U-2 Planes - Veterans at Peering Behind Enemy Lines

Flying High For 40 Years

Up where the U-2 plane flies - at 70,000 feet - pilots can see the curvature of the earth below and the darkness of space above. They can also peer penetratingly into enemy territory - and have been doing so for four decades.

Now Saddam Hussein has threatened to shoot down the UN-controlled planes plying the skies above Iraq, and world attention has returned to the plane dubbed the "Dragon Lady."

The U-2s were originally developed by the CIA to spy on the former Soviet Union before the United States had surveillance satellites in orbit.

They first flew in August 1955 and remain a key part of the Air Force fleet. Despite their age, the U-2s are more effective than high-tech spy satellites, because satellites pass by a target area only several times a day - allowing easier evasion of their prying eyes - while U-2s can fly constantly.

Long, wide, straight wings give the U-2s glider-like characteristics.

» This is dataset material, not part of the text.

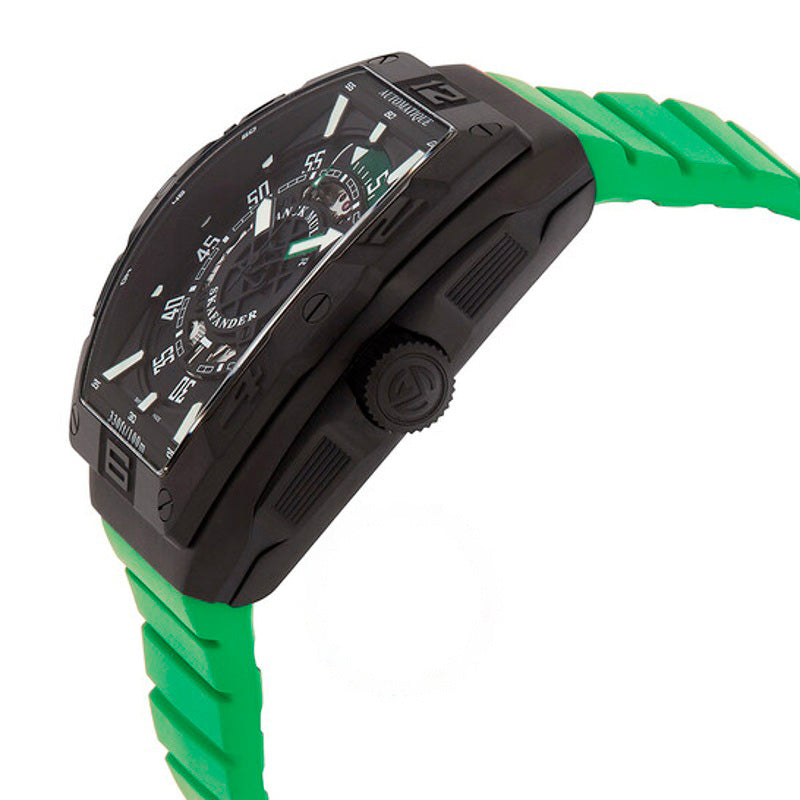 Relógio Skafander Automático Mostrador Preto 45 mm - Mercado de Luxo - O Maior E-Commerce de Bens, Produtos e Serviços de Luxo do Brasil.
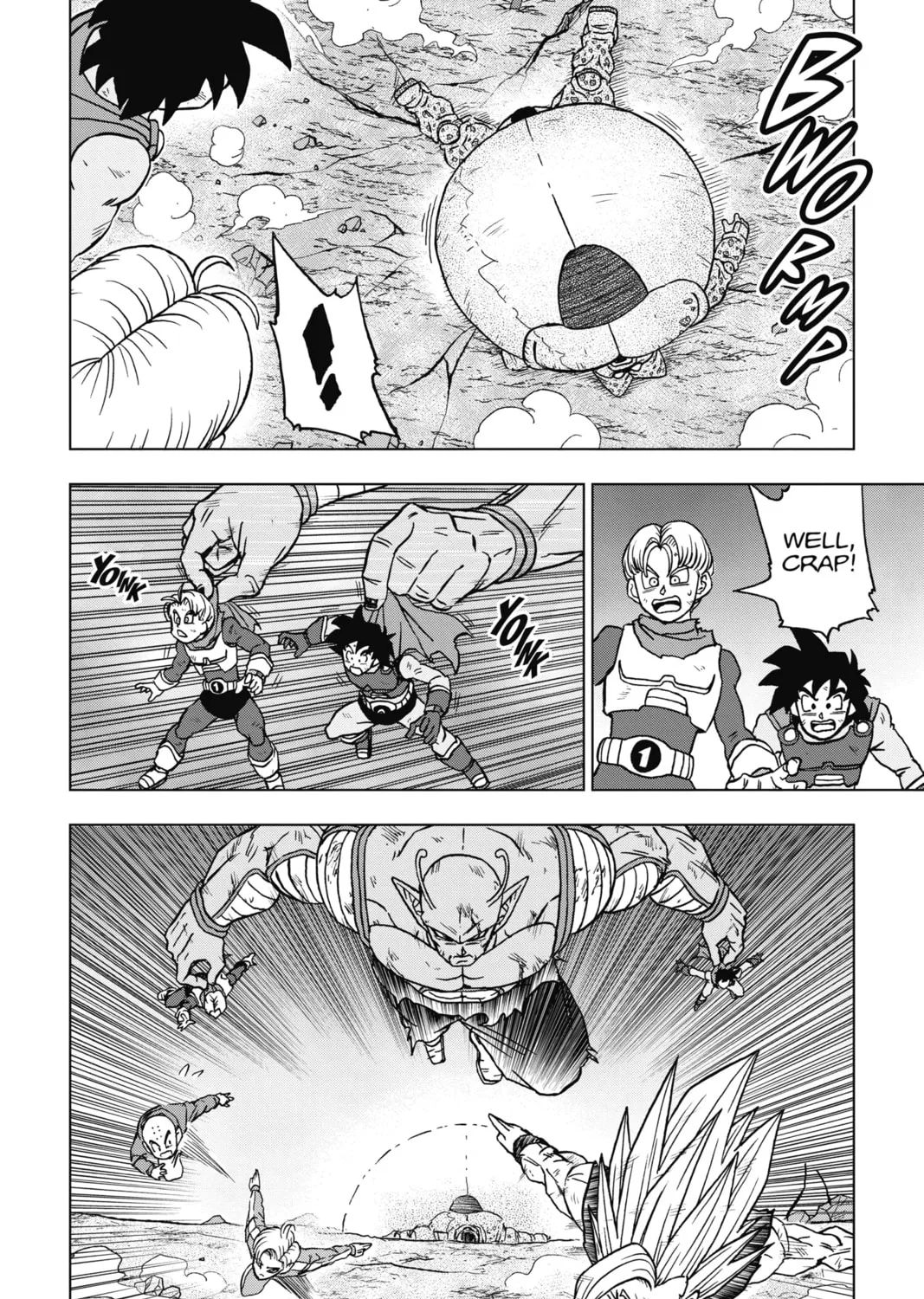 Dragon Ball Super Chapter 100 page 27 -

They fly at a relatively slow 430 miles per hour and cost $34 million per plane.

Over Iraq, the camera-equipped aircraft are seeking answers to incongruities not easily explained - large water pipes going into small buildings, a perimeter fence appearing suddenly around a nondescript facility, large numbers of cars parking around a purported warehouse.

But the slow spy planes also are vulnerable, and that presents the United Nations and the Clinton administration with a dilemma: Risk conflict with Iraq or forgo crucial information on Iraq's weapons of mass destruction. "It's no accident that Saddam wants to poke our eyes out, and we don't want him to," says John Pike of the Federation of American Scientists.

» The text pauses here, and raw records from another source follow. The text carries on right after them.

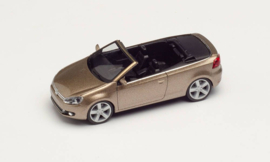 VW Golf V Cabrio, goud metallic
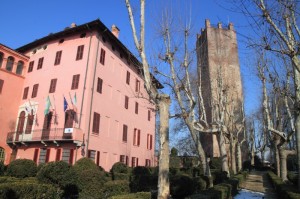 Il Castello in “rosa”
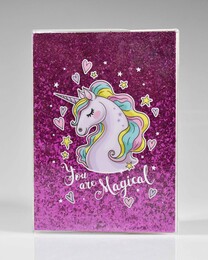 NIO-0004 MOR MAGICAL SİMLİ DEFTER - Thumbnail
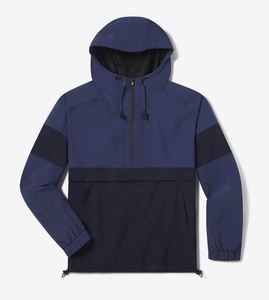 <b>Jacket</b> OEM Custom Logo Solid Color Patchwork <b>Track</b> <b>Jacket</b> Casual Fashion Light-weight Zip up Windbreakers - Product Image 1
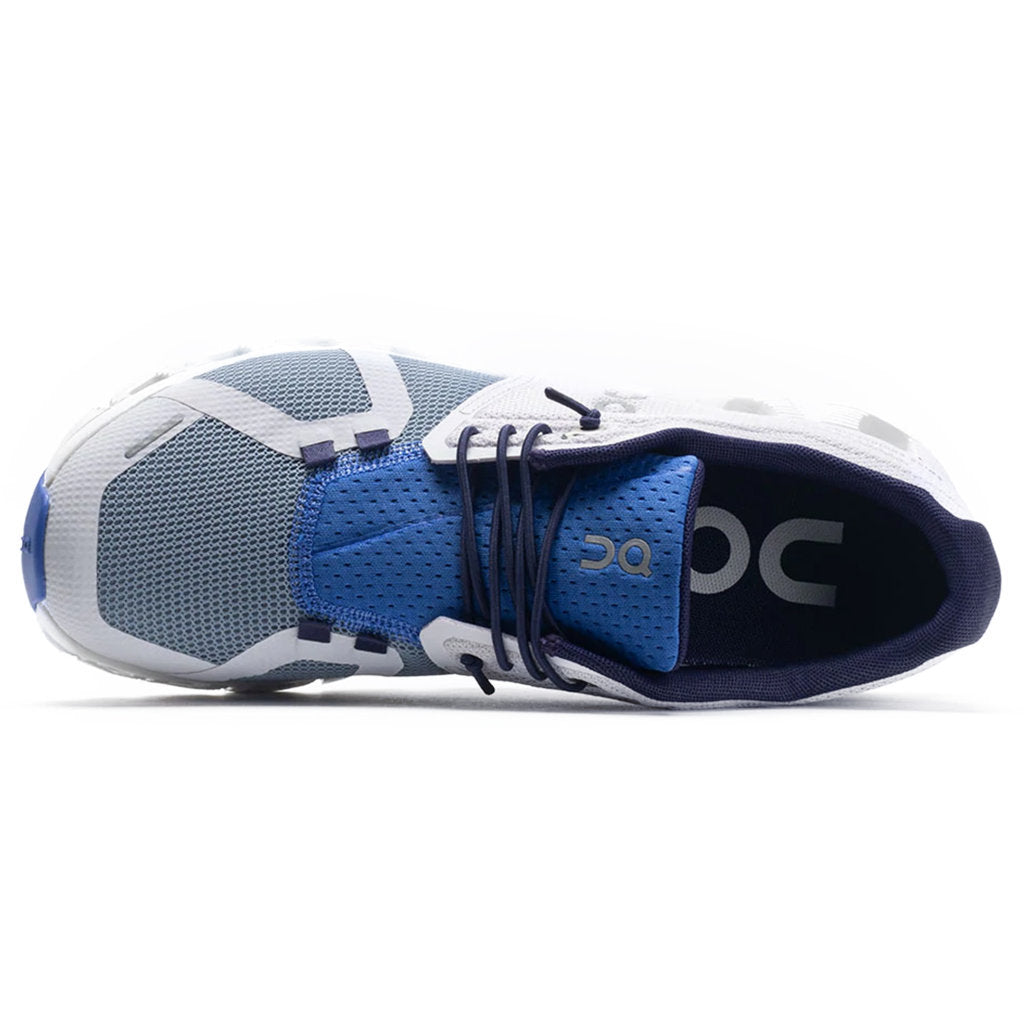 On Cloud 5 Push Textile Women's Running Shoes#color_lavender chambray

A map displayed last week by Iraqi Deputy Prime Minister Tariq Aziz showing recent U-2 flight paths indicated clearly that Iraq can track the planes. Iraq's arsenal has Soviet-built SA-2 surface-to-air missiles that can reach targets at U-2 altitude, but the odds of a hit are long. A missile becomes less maneuverable in the thin air, but the spy plane is capable of making tight, evasive turns. Seven U-2s have been shot down: the one over the Soviet Union flown by Francis Gary Powers, five over China, and one over Cuba.

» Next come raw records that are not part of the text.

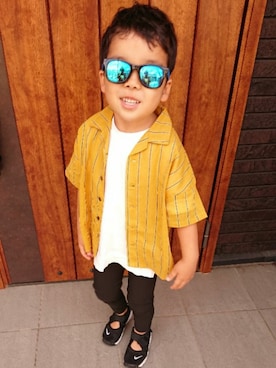 kids-eiteeさん（キッズ・100cm）の夏コーディネート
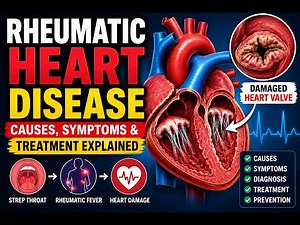 Rheumatic Heart Disease: Causes, Symptoms & Treatment Explained
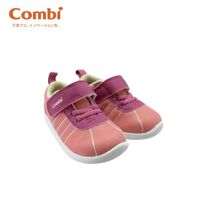 Giầy tập đi cho bé Combi Vintage Fun màu hồng size 12.5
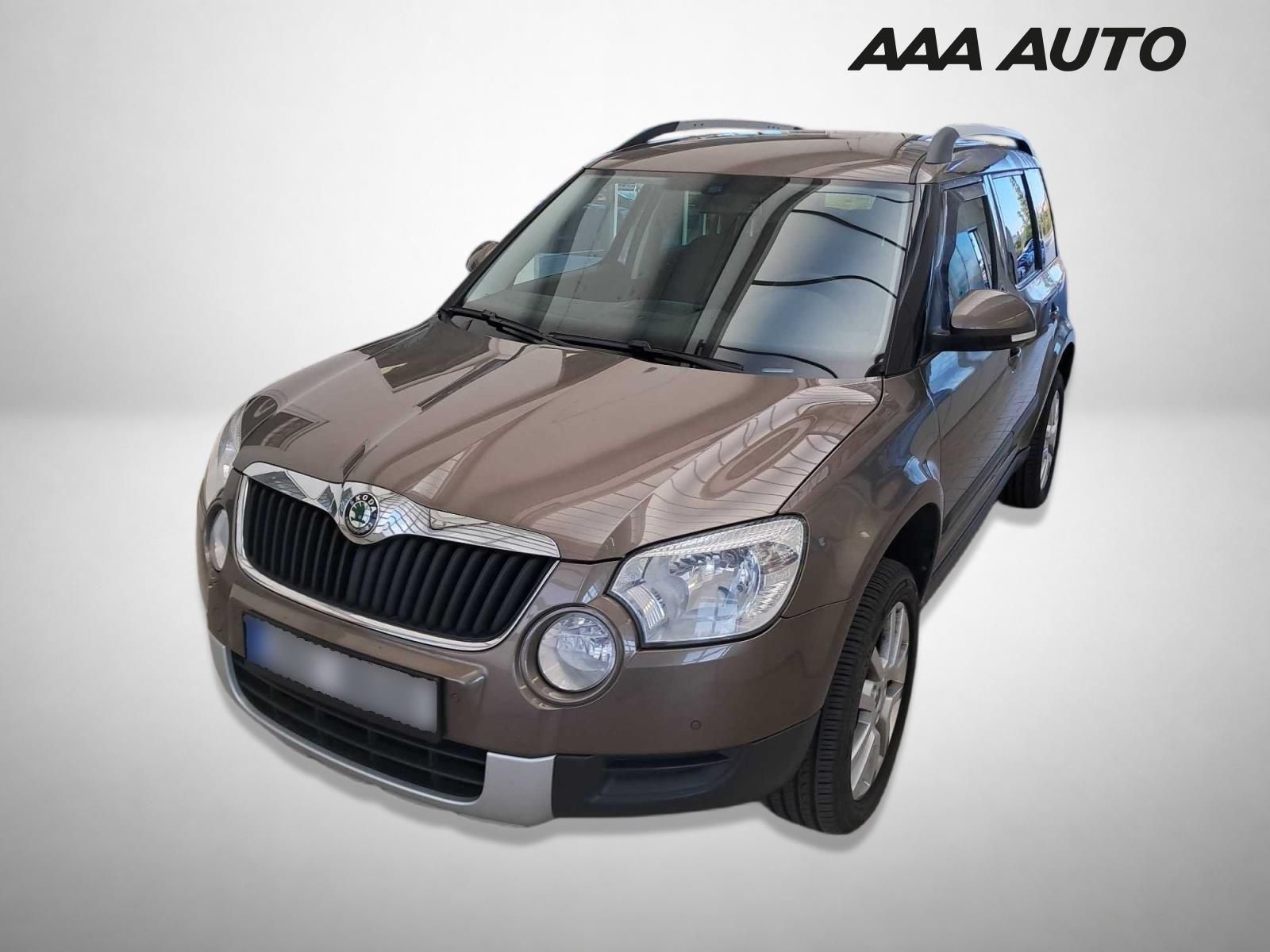 Škoda Yeti, 1.4 TSI, Navi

"It's a pretty good score when you consider the plane has been flying for 40 years," says Chris Pocock author of two U-2 books. "The last one downed was in 1967, and the U-2 flew over Iraq during Desert Storm."

Experts say the U-2 is improved from the plane shot down by the Soviet Union in 1960. To fire a missile at a U-2, Iraq must "paint" the plane with radar. That opens the Iraqi missile battery to attack by US radar-seeking missiles.

"While there's obviously a danger to the U-2 pilot, there is a danger to the Iraqi air-defense operator who's foolish enough to turn on his radar," Pike says. "That's why the Iraqi air defense collapsed during the Gulf War: Iraqi operators knew if they turned their radar on, we would kill them."